# construct an interval estimator (Gamma) using asymptotic distribution of MLE

• Feb 13th 2011, 09:13 PM
Volga
construct an interval estimator (Gamma) using asymptotic distribution of MLE
Question.

Let $\displaystyle Y_1,... Y_n$ be a random sample from a distribution with density function

$\displaystyle f_y(y)=\frac{{\theta}^k}{(k-1)!}y^{k-1}e^{{-\theta}y}, y>0$
$\displaystyle 0$ $\displaystyle otherwise$

where $\displaystyle k\geq1$ is a known integer, and $\displaystyle \alpha>0$ is an unknown parameter.
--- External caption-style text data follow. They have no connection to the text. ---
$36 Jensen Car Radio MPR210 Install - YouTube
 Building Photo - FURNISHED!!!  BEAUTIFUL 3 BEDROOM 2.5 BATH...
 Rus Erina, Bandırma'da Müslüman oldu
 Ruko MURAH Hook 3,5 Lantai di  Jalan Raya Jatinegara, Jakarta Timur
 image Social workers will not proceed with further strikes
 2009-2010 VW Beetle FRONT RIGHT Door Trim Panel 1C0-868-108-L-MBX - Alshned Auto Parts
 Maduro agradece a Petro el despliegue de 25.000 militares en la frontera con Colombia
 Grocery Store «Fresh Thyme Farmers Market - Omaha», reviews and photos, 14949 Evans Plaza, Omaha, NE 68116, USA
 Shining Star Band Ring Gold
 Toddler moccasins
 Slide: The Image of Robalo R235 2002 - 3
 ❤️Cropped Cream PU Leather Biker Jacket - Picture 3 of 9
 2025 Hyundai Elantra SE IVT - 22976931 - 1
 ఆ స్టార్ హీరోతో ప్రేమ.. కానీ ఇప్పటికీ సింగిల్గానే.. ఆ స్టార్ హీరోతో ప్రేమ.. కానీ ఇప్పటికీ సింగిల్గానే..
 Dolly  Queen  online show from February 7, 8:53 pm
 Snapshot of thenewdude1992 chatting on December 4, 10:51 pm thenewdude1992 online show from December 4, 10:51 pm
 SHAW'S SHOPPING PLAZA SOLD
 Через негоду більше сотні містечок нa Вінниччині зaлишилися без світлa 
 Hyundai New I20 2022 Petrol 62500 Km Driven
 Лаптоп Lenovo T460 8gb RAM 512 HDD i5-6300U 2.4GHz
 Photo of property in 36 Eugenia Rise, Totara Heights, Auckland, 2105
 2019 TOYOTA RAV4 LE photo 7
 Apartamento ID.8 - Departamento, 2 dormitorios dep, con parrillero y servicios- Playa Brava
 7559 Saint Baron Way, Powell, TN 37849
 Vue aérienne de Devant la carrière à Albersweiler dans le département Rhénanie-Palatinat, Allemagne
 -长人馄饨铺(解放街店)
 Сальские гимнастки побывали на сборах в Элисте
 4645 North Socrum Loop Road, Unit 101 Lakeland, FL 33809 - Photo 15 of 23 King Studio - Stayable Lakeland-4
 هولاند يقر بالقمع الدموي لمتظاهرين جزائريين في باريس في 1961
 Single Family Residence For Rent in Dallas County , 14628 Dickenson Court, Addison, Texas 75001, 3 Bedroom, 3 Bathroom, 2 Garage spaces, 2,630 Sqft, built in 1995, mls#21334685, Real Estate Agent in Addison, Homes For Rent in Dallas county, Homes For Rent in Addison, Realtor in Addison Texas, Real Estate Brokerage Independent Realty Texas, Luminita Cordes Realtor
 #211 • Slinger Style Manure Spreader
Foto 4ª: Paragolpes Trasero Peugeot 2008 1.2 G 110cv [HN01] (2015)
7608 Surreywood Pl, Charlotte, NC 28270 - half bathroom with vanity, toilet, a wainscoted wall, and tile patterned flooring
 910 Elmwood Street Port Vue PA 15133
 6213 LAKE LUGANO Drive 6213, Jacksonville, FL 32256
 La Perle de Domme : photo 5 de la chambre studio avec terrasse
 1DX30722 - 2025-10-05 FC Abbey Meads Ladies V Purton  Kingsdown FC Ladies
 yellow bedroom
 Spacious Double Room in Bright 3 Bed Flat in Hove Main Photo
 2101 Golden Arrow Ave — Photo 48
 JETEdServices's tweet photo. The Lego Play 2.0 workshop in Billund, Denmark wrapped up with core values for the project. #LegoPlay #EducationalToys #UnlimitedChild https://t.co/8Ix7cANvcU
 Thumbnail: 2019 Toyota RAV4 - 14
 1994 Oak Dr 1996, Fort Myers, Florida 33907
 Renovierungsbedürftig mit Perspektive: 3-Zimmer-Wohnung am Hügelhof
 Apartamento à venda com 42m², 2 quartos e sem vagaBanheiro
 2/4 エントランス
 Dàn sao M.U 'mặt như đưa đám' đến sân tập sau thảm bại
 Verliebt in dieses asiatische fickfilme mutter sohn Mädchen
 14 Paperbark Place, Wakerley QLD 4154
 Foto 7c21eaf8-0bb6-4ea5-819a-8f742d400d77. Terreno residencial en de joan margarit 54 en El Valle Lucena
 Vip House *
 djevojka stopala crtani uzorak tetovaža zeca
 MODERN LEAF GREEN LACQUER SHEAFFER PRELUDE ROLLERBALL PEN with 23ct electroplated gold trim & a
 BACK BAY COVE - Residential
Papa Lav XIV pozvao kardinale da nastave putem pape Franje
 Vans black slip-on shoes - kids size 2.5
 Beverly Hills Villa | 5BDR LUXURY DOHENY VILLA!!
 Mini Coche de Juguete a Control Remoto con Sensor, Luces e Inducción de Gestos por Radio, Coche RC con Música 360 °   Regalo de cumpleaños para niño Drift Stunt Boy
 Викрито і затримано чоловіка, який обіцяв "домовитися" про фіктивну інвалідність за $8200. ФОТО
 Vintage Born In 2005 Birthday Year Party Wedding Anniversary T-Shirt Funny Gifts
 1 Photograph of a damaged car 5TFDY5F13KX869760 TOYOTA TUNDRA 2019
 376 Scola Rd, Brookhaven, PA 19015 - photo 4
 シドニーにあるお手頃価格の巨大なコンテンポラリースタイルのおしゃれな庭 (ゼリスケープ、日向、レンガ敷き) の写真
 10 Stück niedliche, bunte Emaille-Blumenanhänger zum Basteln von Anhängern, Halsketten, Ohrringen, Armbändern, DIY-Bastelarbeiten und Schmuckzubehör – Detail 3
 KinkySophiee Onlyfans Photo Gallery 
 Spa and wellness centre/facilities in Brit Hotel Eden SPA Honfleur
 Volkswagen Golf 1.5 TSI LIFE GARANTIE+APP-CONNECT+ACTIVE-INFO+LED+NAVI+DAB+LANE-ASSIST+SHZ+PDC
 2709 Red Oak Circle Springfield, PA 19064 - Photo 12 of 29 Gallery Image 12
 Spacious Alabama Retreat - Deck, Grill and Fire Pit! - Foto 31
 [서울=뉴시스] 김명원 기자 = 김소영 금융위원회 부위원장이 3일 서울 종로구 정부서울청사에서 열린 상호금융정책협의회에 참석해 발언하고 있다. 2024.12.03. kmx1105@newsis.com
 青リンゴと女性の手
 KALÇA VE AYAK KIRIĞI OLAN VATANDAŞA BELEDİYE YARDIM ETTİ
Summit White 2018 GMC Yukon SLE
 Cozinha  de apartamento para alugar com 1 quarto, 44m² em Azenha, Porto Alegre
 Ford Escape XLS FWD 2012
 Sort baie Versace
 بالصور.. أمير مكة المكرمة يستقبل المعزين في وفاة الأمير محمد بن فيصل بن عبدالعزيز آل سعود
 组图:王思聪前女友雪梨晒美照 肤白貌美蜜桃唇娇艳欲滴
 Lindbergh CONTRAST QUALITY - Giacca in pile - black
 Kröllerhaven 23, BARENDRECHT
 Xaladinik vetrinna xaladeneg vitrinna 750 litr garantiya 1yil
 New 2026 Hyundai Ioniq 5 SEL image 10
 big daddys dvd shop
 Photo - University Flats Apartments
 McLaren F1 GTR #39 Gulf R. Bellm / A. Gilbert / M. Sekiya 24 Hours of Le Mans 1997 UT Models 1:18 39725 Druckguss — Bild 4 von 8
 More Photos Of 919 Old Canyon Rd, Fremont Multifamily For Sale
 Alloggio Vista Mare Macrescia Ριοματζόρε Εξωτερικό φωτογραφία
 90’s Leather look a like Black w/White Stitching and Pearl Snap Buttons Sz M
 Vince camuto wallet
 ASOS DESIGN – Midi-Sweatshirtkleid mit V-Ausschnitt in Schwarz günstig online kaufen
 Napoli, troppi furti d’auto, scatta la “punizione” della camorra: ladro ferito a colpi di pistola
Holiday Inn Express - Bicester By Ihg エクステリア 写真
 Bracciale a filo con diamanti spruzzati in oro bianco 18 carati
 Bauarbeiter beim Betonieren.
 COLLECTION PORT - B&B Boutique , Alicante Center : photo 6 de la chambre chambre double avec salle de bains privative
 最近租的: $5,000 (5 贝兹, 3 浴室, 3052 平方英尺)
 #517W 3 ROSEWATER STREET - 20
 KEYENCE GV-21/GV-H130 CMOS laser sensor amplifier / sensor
Using the asymptotic distribution of the maximum likelihood estimator, construct an interval estimator for $\displaystyle \alpha$ with approximate confidence coefficient of 0.95.

Asymptotic distribution of MLE: if $\displaystyle \hat{\theta}$ is a maximum likelihood estimator, then $\displaystyle \hat{\theta}$ converges in distribution to $\displaystyle N(\theta, I_Y^{-1}(\theta))$ and $\displaystyle \sqrt{I_Y(\theta)}(\hat{\theta}}-\theta){\sim}N(0,1)$ is asymptotically pivotal for $\displaystyle \theta$.

I found information for Gamma distribution random sample already here
http://www.mathhelpforum.com/math-he...tml#post617259

so I'll just use it here: $\displaystyle I_y(\theta)=\frac{k}{{\alpha}^2}$. Since I don't know $\displaystyle \alpha$, I am going to use $\displaystyle \frac{k}{\hat{\alpha}^2}$ to approximate information.

$\displaystyle \sqrt{\frac{k}{\hat{\alpha}^2}}{\sim}N(0,1)$

Let $\displaystyle Z=\sqrt{\frac{k}{\hat{\alpha}^2}}$

$\displaystyle P(z_{0.025}{\leq}Z{\leq}z_{0.975})=0.95$

$\displaystyle z_{0.025}=-z_{0.975}$ right?

Solving for $\displaystyle \alpha$, I get

$\displaystyle [\hat{\alpha}-z_{0.975}\sqrt{\frac{k}{\hat{\alpha}^2}}{\leq}\alp ha{\leq}\hat{\alpha}+z_{0.975}\sqrt{\frac{k}{\hat{ \alpha}^2}}]$